Jack, thank you so much for having me. I’m thrilled to be part of this wonderful show. 

We’re excited to have you. How do I do on my one-sentence description of LiveRamp? 

You did okay. If I were to describe LiveRamp in one sentence, I would talk about LiveRamp as providing data collaboration software that helps B2C brands and their partners leverage data securely to power and ultimately optimize personalized advertising and marketing. I recognize that as a mouthful, and LiveRamp is not a consumer-facing brand, so it is not a household name yet, but all our customers are. We have the privilege at LiveRamp of working with some of the world’s biggest and most innovative companies. 

I’ve noticed you have a customer list that people would kill for. Congratulations on that. In preparing for this, I went to ChatGPT and asked them to give me a one-sentence description of your company. If I got it wrong, don’t blame me. Blame those smart people at OpenAI. No, that’s great. We’ll come back to LiveRamp because it’s a fantastic story, Lauren. Before that, I’d like to chat about you briefly. Where did you grow up? 

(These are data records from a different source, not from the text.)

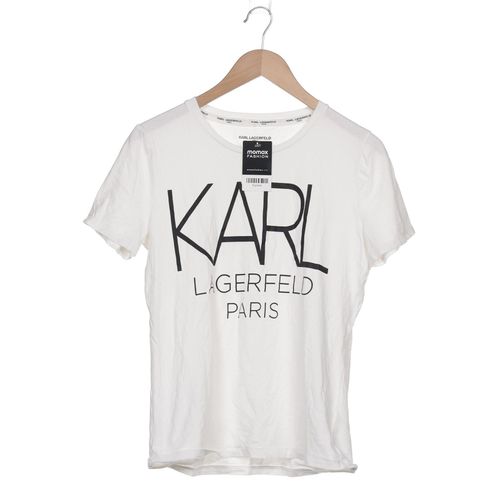 Karl Lagerfeld Damen T-Shirt, weiß, Gr. 36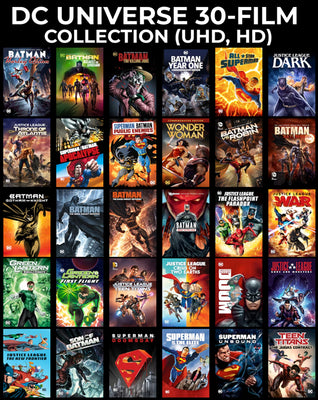 DC Universe 30 Movie 10th Anniversary Collection Bundle (2007-2017) [MA HD]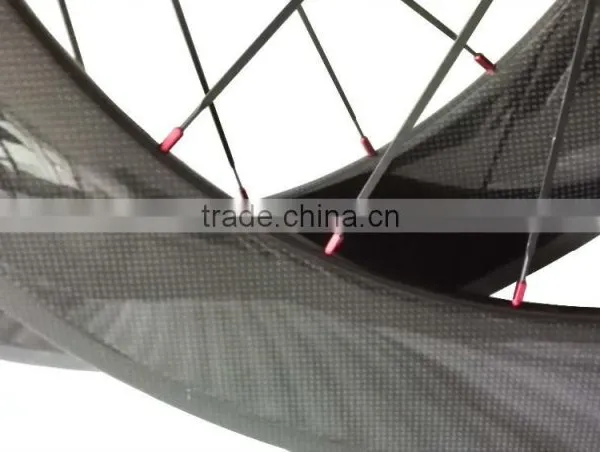 China Carbon Rim New Carbon Bicycle Wheelset 700c 88mm Road Bike Clincher Glossy 700c 88mm Carbon 3k Glossy 20/24 Spokes photo-3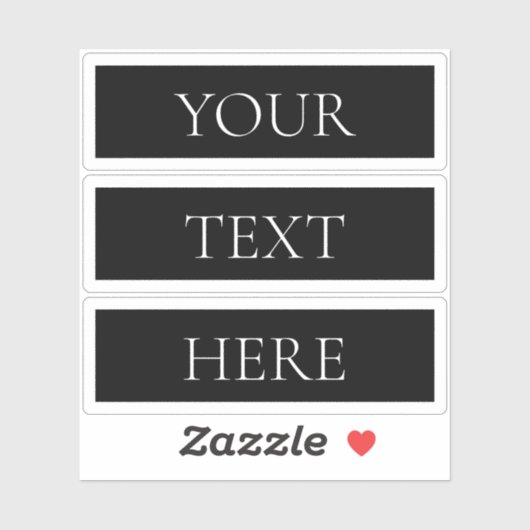  zwart-wittekst van de klasse sticker (Vel)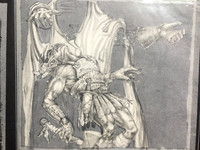 Freeze the Flesh Off - Middle Earth - Iron Crown Entertainment - Mixed Media on Layered Paper - 11" x 13" - $550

I grew up in the Bay Area, east of San Francisco, by about 40 miles, in a small town called Lafayette. I grew up in a family of four kids. I was the oldest of four. I never ventured too far away from the Bay Area. I went to college in the South Bay, lived there for several years, and then returned to San Francisco. 

I did similar things with Boston. I grew up in the Boston suburbs, and I never really left. I can certainly relate to that. It’s a great part of the country where I live. You were the oldest of five, you said? 

Oldest of four. 

I’m sorry, my bad. I will talk about that because I know you have, by modern standards, a big family now as well. I’m curious. You made a great career decision when you were seventeen or however old you were in college by studying business, but what was it about business and maybe finance and accounting that you thought, “This might be a great way to make a living?” 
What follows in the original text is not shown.